_Directions for this task_
Instruction for the entries below: return the part that opens with the line containing "ECELUGICH® Athletic Long Shorts" and closes with the line containing "House For sale - Primorsko-goranska Poljane", exactly, and no pictures.

═════ Records provided

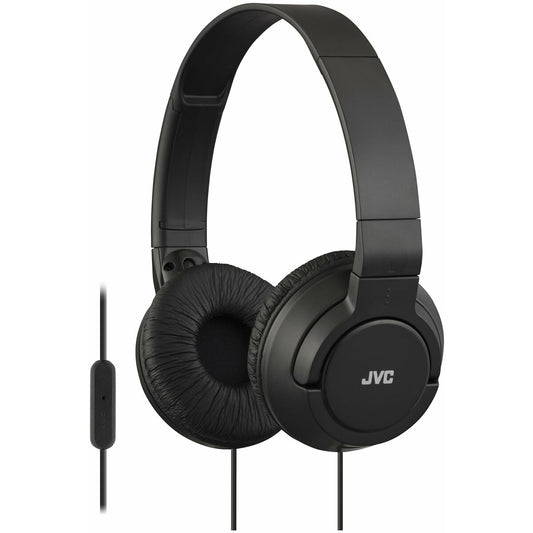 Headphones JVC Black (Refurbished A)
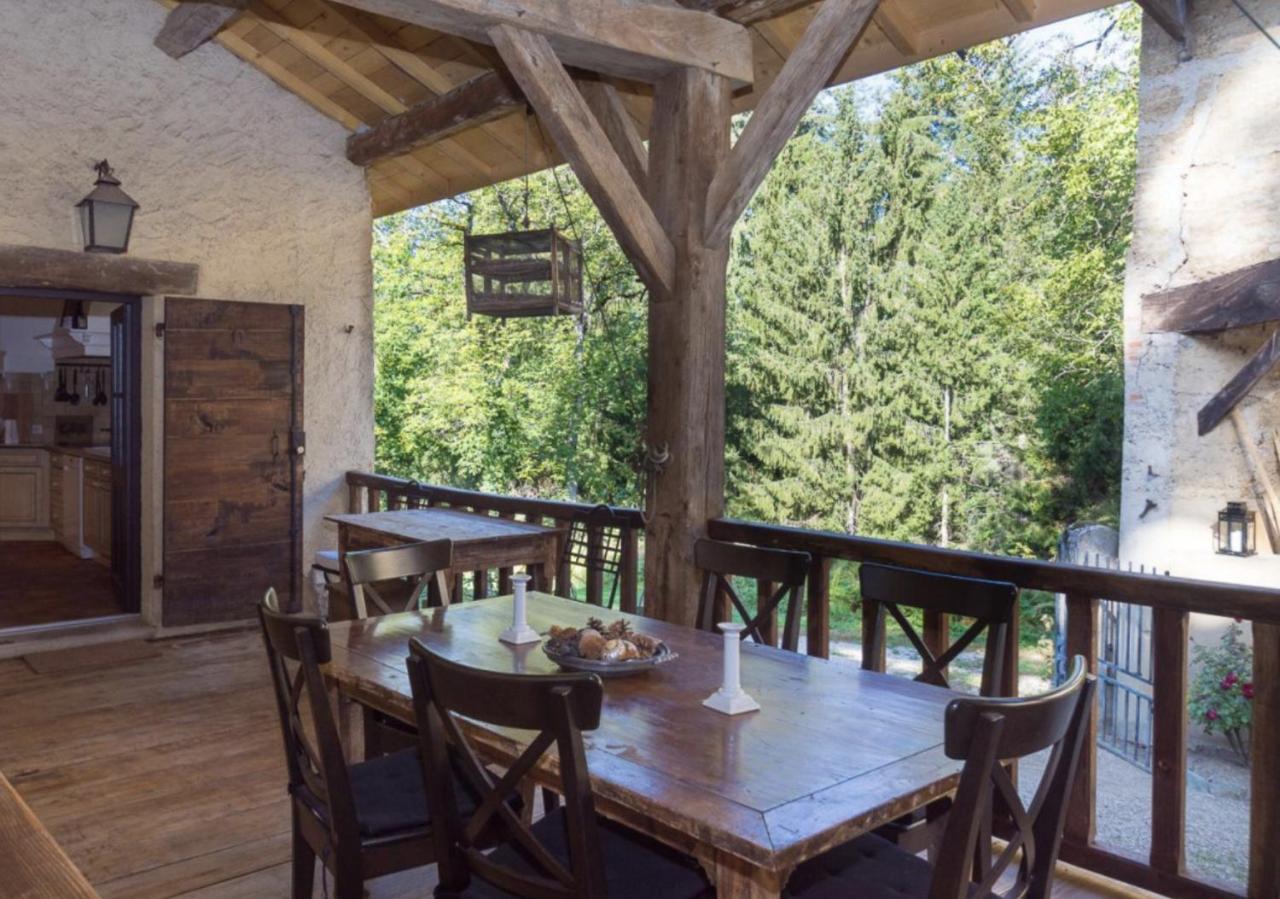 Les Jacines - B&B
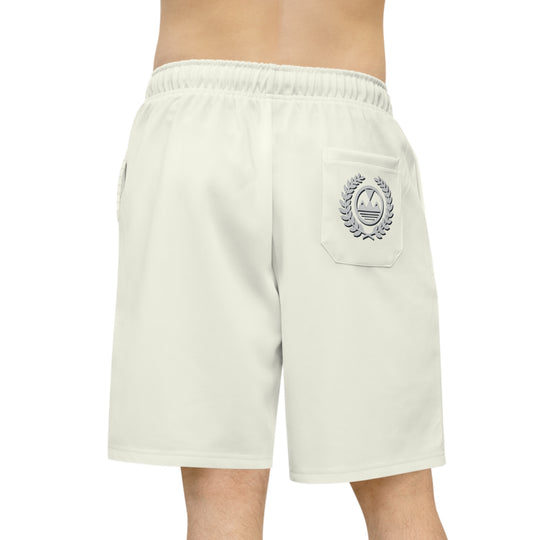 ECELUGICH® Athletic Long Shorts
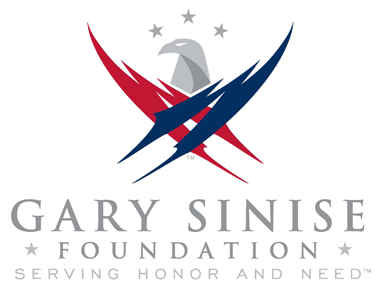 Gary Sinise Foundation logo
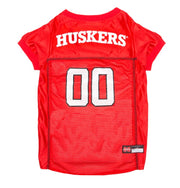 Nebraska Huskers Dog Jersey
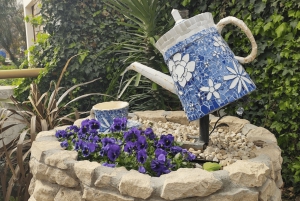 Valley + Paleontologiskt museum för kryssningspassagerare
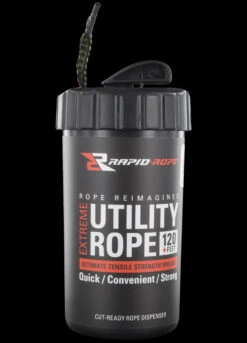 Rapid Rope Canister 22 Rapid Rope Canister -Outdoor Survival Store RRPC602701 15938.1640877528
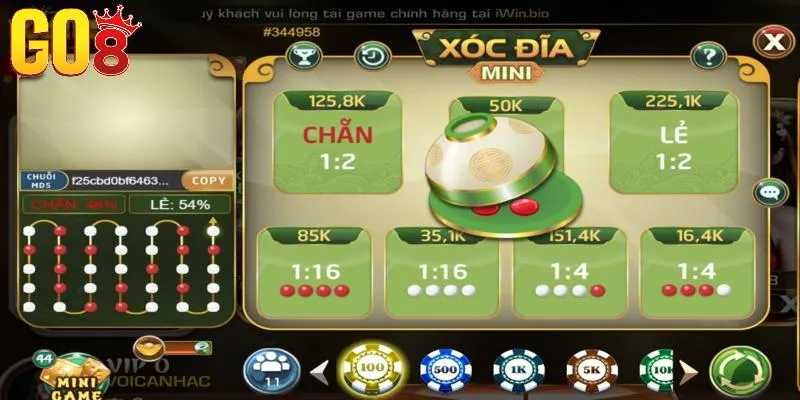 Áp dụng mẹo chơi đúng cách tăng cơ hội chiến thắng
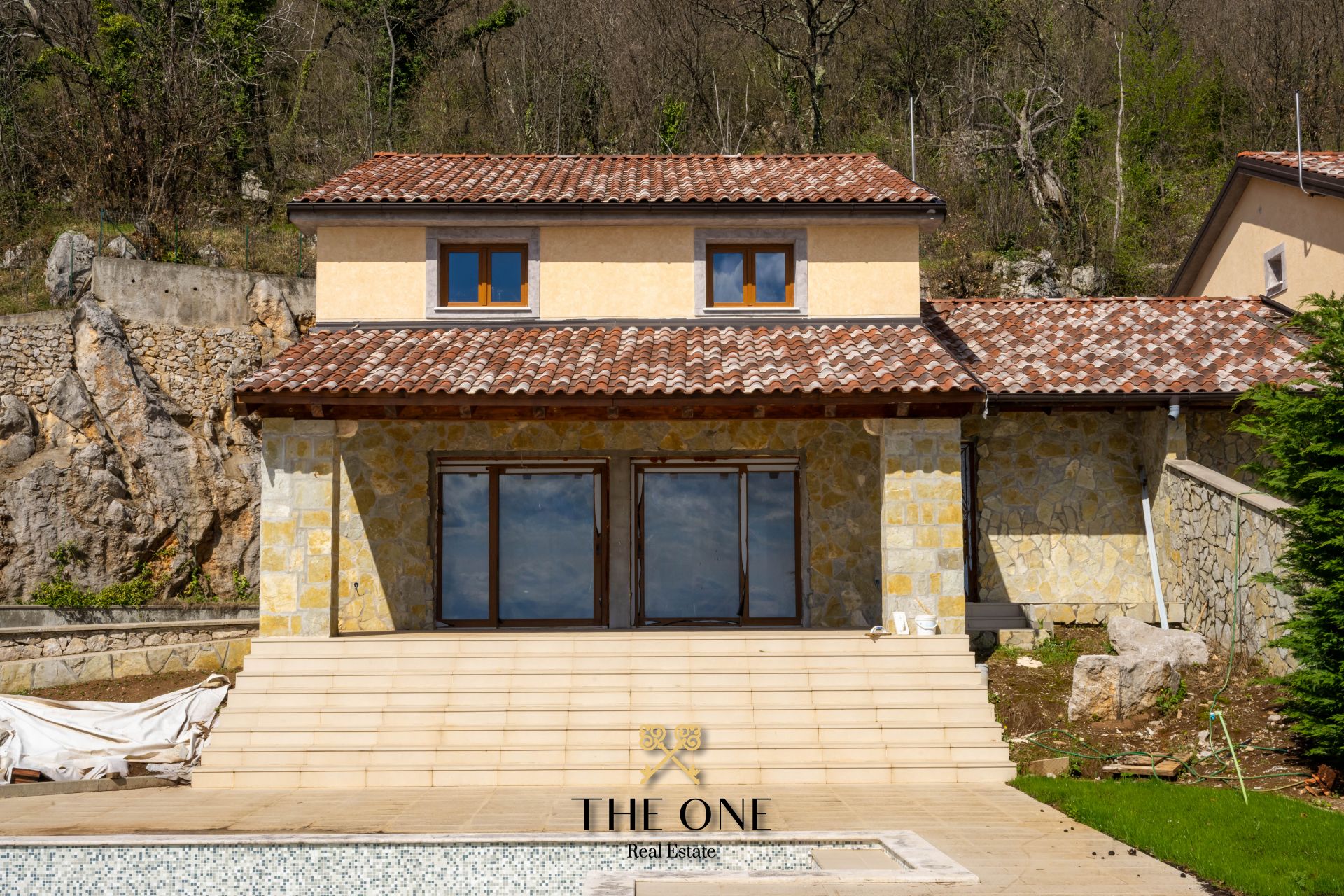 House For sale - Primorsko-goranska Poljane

══════════
═════ Records provided

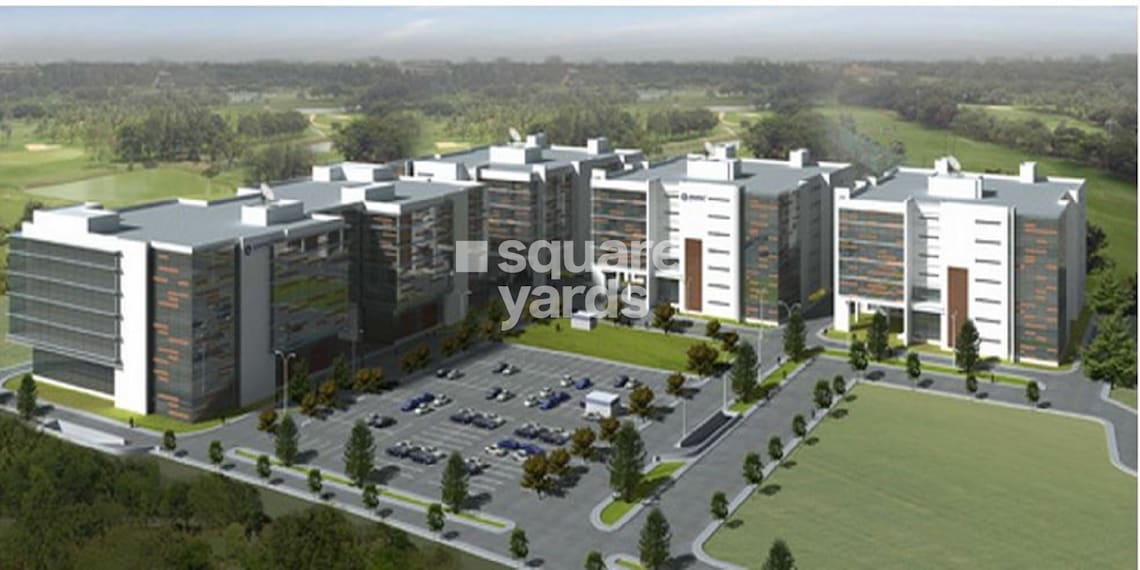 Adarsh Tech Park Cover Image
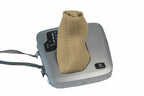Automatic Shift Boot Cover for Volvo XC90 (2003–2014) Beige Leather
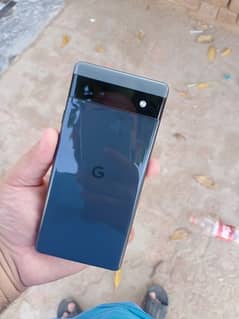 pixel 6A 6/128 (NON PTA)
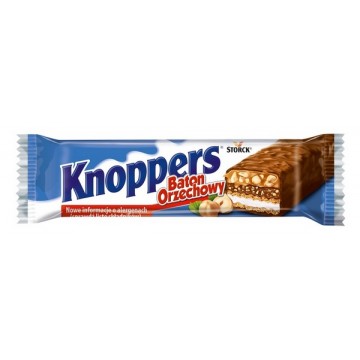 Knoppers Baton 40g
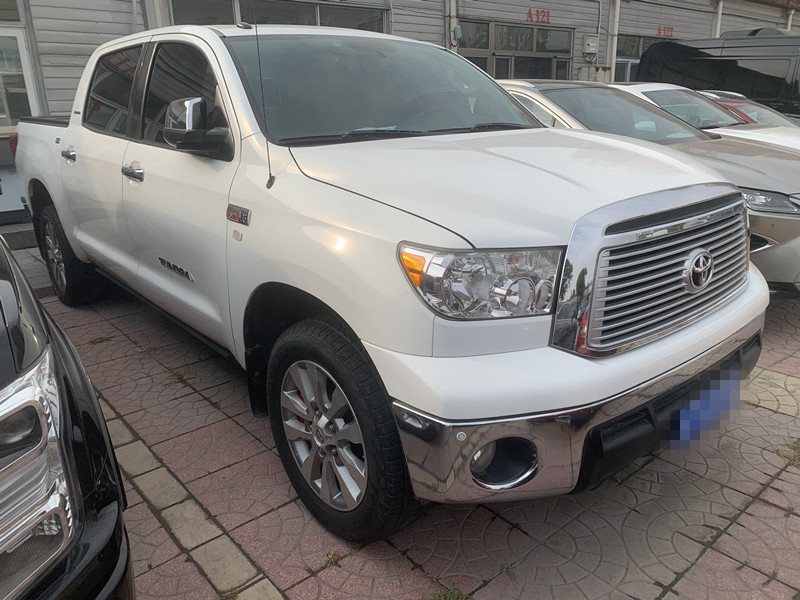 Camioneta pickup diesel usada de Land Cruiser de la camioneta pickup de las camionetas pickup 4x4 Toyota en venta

══════════
═════ Records provided

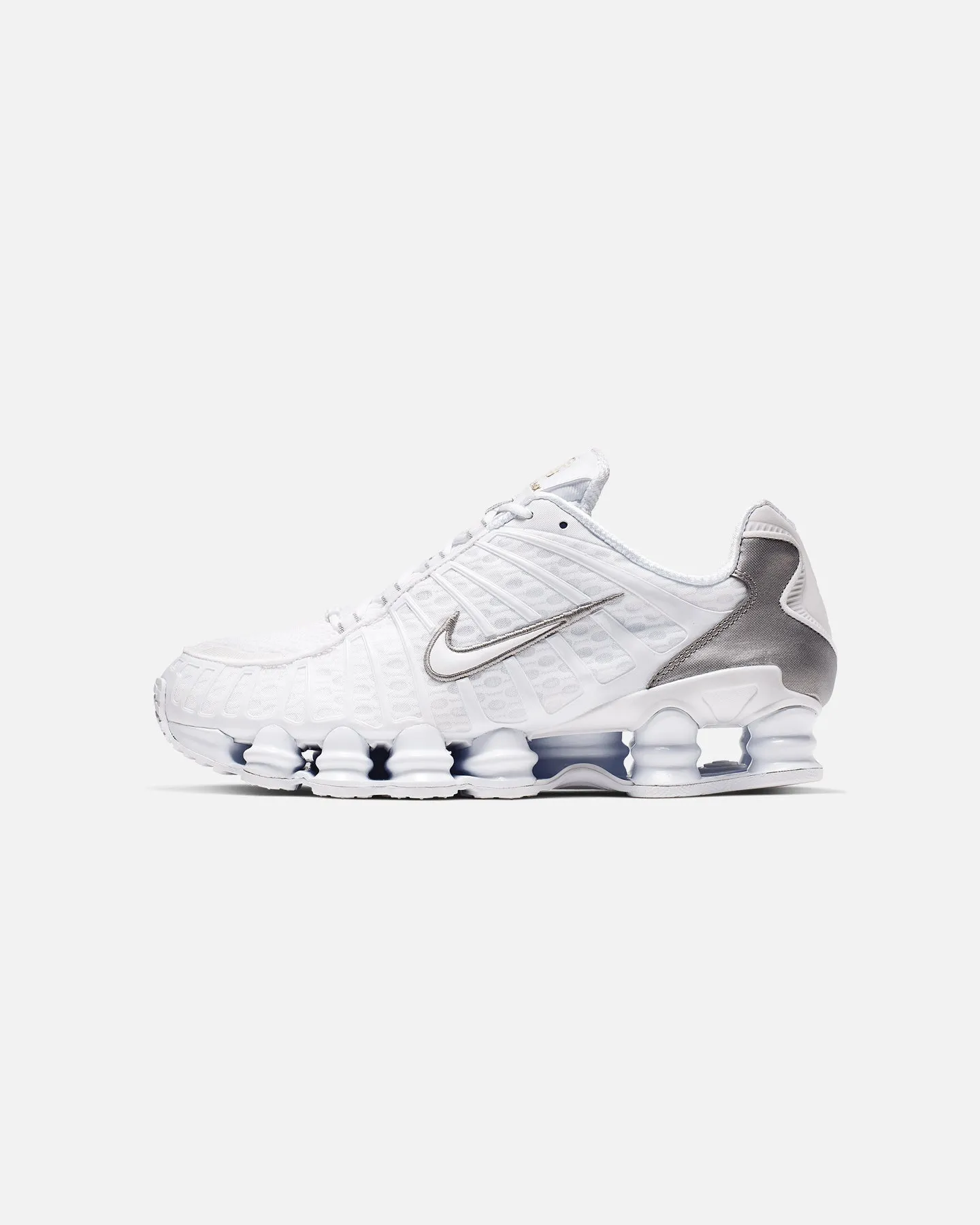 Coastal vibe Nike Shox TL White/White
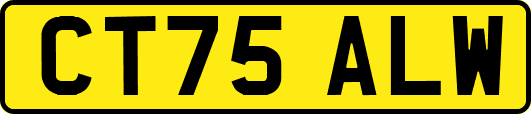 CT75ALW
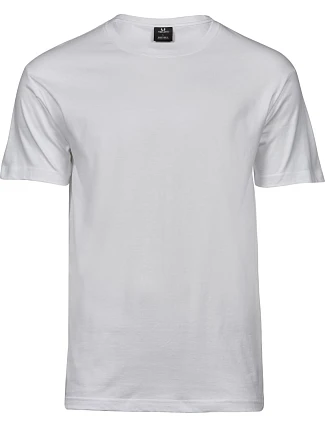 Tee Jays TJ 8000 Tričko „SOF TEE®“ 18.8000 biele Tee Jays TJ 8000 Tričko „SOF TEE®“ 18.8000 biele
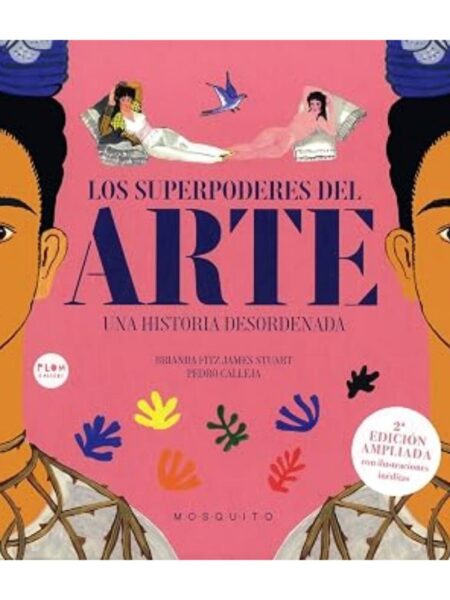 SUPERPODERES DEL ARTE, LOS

══════════

_Exercise output_
 ECELUGICH® Athletic Long Shorts
 Gary Sinise Foundation logo
 Nebraska Huskers Dog Jersey
 Valley + Paleontologiskt museum för kryssningspassagerare
 Rapid Rope Canister 22 Rapid Rope Canister -Outdoor Survival Store RRPC602701 15938.1640877528
 Áp dụng mẹo chơi đúng cách tăng cơ hội chiến thắng
 House For sale - Primorsko-goranska Poljane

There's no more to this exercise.